Recent bond activity, definately indicates people are hedging against a bubble in the housing market, and shifting assets into the treasury.
If it works out right, these low long-term rates may actually, ease us into whatever we are going into.
The modern economy is quite remarkable.
Posted by: daniel oliver at May 24, 2005 07:51 PM
Yes of course these prices are realistic, it should cost 850 grand for what used to cost 375 grand 3 years ago, whats wrong with that, its completly normal that 37 percent of home purchasers are not planning to live under the roof, even though historicaly its been around 4 percent.
After all, people need more than one house these days, its the new economy, and theres a shortage
,its better to own too many homes than not enough.
I see the sky as the limit, this will never correct itself as there is nothing to correct.

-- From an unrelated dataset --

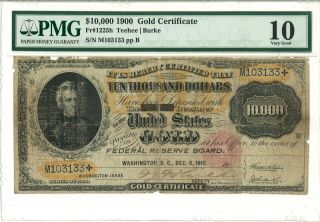 1900 - $10,  000.  00 Gold Certificate - Vg - 10 Pmg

Now if I can just convert my pets.com stock into a
condo or two....
Posted by: jon at May 24, 2005 11:13 PM
I have to disagree with Karen. There is a bubble. But not with Single family detached homes. Right now there are an over abundance of Lofts, Condos and Townhomes flooding into every market from Minneapolis to Houston and from L.A. to N.Y. There are litterally too many to find people in the area to occupy them. They are built because the cost on return for the developer is GREAT! They are loaded with lots of gizmos and gadgets, Most of them cost an arm and a leg in association fees. WHich people do not realize that they could be putting towards a home. AND MOST OF ALL, they arent appreciating as quickly as a single family home because there are so many. If we pulled the latest statistics and removed Lofts, Townhomes, condos and single family homes individually, what do you think it would tell us?

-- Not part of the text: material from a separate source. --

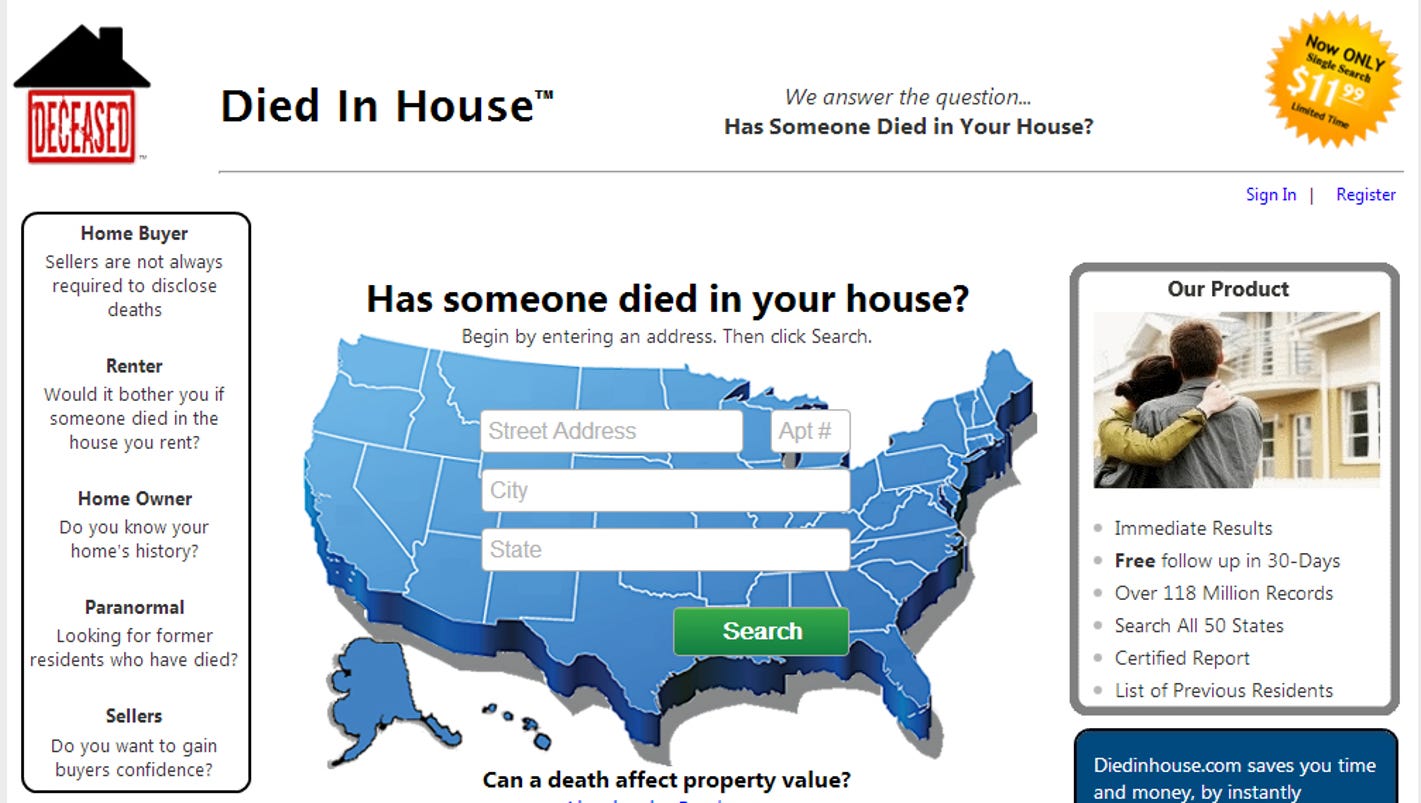 Want to know who died in your home? Check this site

Posted by: Taziesmer at May 25, 2005 10:13 AM
I don't think I can see Karen's statements as realistic. Why hasn't anyone asked why the 10 year note keeps droping and inflation is yet all around us? Yes, I said "inflation" i.e; gas, food, paper, etc. Has anyone looked at the lates prices on raw materials for building? Has anyone asked why the Chinese continue to purchase our bonds at an alarming rate when other foreign contries offer a better return? The answer may frighten some people. Simply put-- it is to miniuplate our economy and keep the housing market booming so that we can continue to fuel the Chinese busines by keeping Americans confidence up so that the importing of cheep (chinese labor) goods to AMERICA continues. Meanwhile, Alan Greenspan and his cronies contine to "soften the blow" by slowly raising intrest rates. Sooner or later people will see that there is a buble and boy will it BURST!
Posted by: C.B at May 25, 2005 01:28 PM
I don't know what the deal is with economists but they never get real estate right. Look at the California RE crash. All the economists in California were mad at some developer for saying they were in a bubble. The economists said historcally it couldn't happen. The crash happened just one month later. Look at the stock market crash. Those economists said it couldn't happen too. Then crash! I think economist is code for industry sales person. A non truth teller.

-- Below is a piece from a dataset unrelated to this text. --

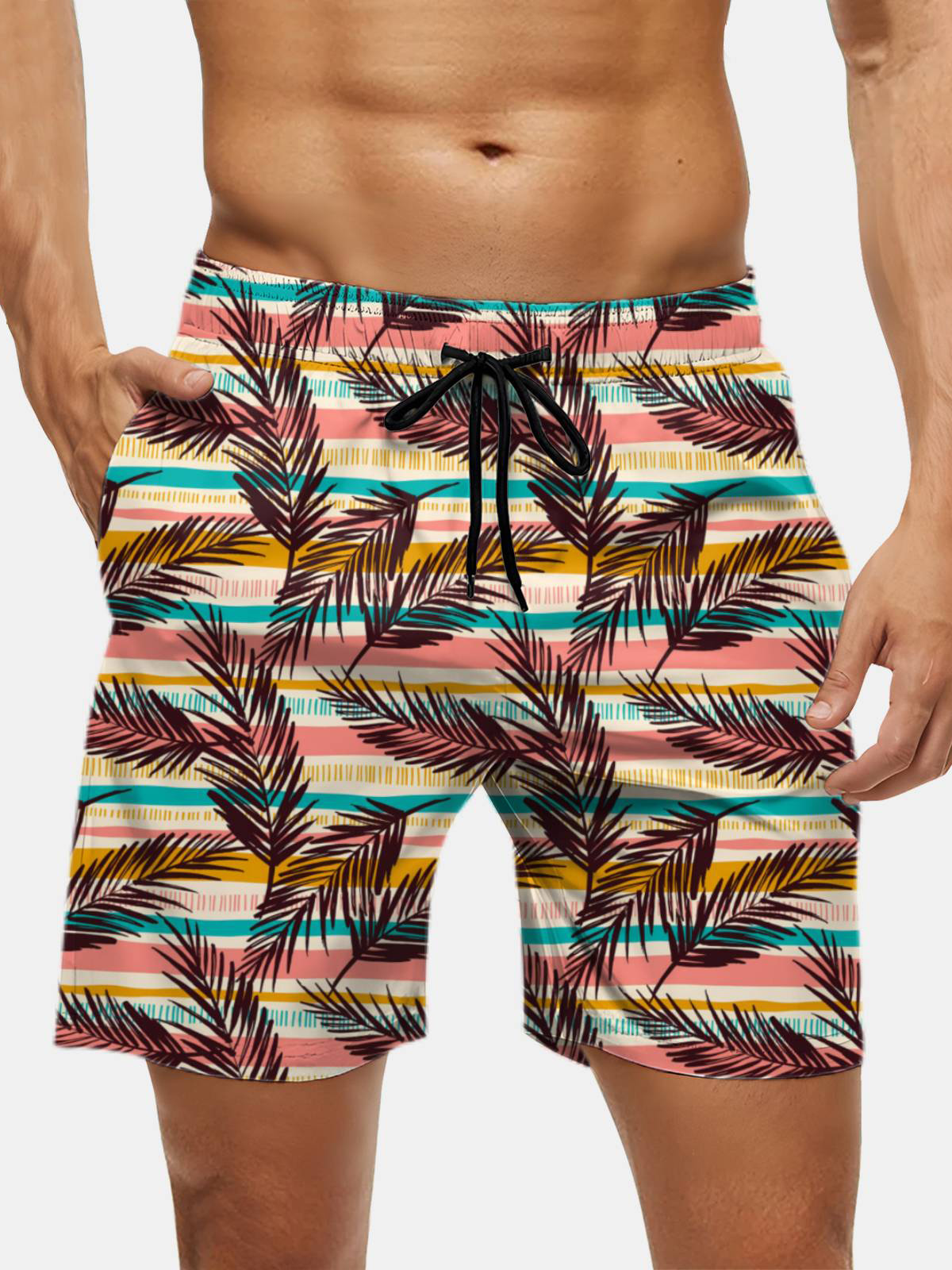 Men's Swim Trunks Hawaiian Tropical Leaves Striped Beach Shorts with Pockets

Posted by: Dave at May 25, 2005 01:48 PM
Im sorry Karen, but if you cant see this bubble, which is much larger than any bubble in US history,even bigger than the dotcom bubble, than you would not recognize a bubble if it bit you on the nose.
I live in Orange County CA. and I'm a mechanic making 45k a year but I'm a millionair on paper, unfortunatly I cant stand snow, and the Arizona desert doesnt appeal to me either, otherwise I would have cashed out already.
The only way for me to benefit from this, is to do what my neighbors are doing, tap into my equity using a dangerous veriable rate loan, then I could feel that euphoria thats been going around lately.
I'd look good in a new hummer, maybe with a boat in tow...hey how about a new harley, before I get old.
One day we will look back at these days and see how utterly ridiculous this all was.
Did you sell your dotcom stock prior to 10 march 2000?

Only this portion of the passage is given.